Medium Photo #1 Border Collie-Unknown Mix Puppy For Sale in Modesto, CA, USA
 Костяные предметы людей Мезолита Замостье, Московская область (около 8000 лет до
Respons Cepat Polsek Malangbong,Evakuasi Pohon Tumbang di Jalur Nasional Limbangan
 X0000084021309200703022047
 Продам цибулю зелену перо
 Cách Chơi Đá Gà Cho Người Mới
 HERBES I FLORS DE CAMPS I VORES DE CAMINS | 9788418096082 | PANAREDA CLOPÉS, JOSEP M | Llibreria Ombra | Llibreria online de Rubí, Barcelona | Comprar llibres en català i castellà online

======

## EXERCISE DIRECTIONS
Copy exactly the lines from the one with "Cách Chơi Đá Gà Cho Người Mới" down to the last line of the records above, and leave out everything else.

## RESPONSE AREA
 Cách Chơi Đá Gà Cho Người Mới
 HERBES I FLORS DE CAMPS I VORES DE CAMINS | 9788418096082 | PANAREDA CLOPÉS, JOSEP M | Llibreria Ombra | Llibreria online de Rubí, Barcelona | Comprar llibres en català i castellà online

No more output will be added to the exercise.